東日本大震災

 津波が田畑の上を船やビルを押し運んで行く映像を見て衝撃を受けた。こんなことが起こるなんて。仙台近郊の津波を被ったあたりは、自分は学生時代にバイクで走り回ったり海水浴に行ったりしたこともあり、知らない土地ではない。自然の前には人間は無力だと改めて思い知らされ、壊滅的な打撃にただ呆然とする。
 こんなプレート境界だらけの不安定な岩盤の上に乗った島国で、日本人はよくここまで頑張ってきたものだ。いや、常に地震や台風といった天災の恐怖が心の底に染み付いているからこそ、できることを精一杯に頑張ってこれたのかもしれない。地震のほとんどないフランスとは人々の考え方が違って当たり前なのだ。

 今、福島の原発事故がチェルノブイリ級の規模に発展しないかどうかが一番心配で、ニュースをチェックしている。現時点(日本時間 22:00)で「格納容器」が破損していないこと、冷却用に海水を注入し始めたことの報道があった。大規模な放射線拡散に至る可能性は低下したようで、少し安心した。
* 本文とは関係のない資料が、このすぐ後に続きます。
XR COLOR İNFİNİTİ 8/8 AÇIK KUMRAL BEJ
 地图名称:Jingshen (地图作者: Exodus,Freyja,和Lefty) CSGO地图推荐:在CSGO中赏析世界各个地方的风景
 深刻極まる状況の中でささやかながら感銘を受けたのは、与野党の政治家が党派を超えて人命救助に力を合わせると語った話。かねがね足の引っ張り合いのような党間抗争に国民はうんざりしていたはずだ。巨大な逆境の出現によって不毛な争いを止めざるを得なくなるという、『幼年期の終り』に似た状況が現実になったのだと思った。新聞も、何か事故が起こるたびに責任者を糾弾するといういつものトーンを今回は抑えているようで、評価できる。あと、日本人の沈着冷静さを中国のネットユーザーらが賞賛しているというのも嬉しい。また個人的に何名かの知人の方から、海外にいる私に「君の家族は大丈夫か」と心配するメールをいただいた。ありがたいことです。

 今後日本経済が復興するまで長い時間がかかるだろうけれど、自分は日本を信頼する。
 現在、被災して生命の危険に直面している方々には(そんな人がこの日記を読んでいるかどうか知らないけど)、どうか気持ちを強く持って生き延びて下さい、と祈るしかない。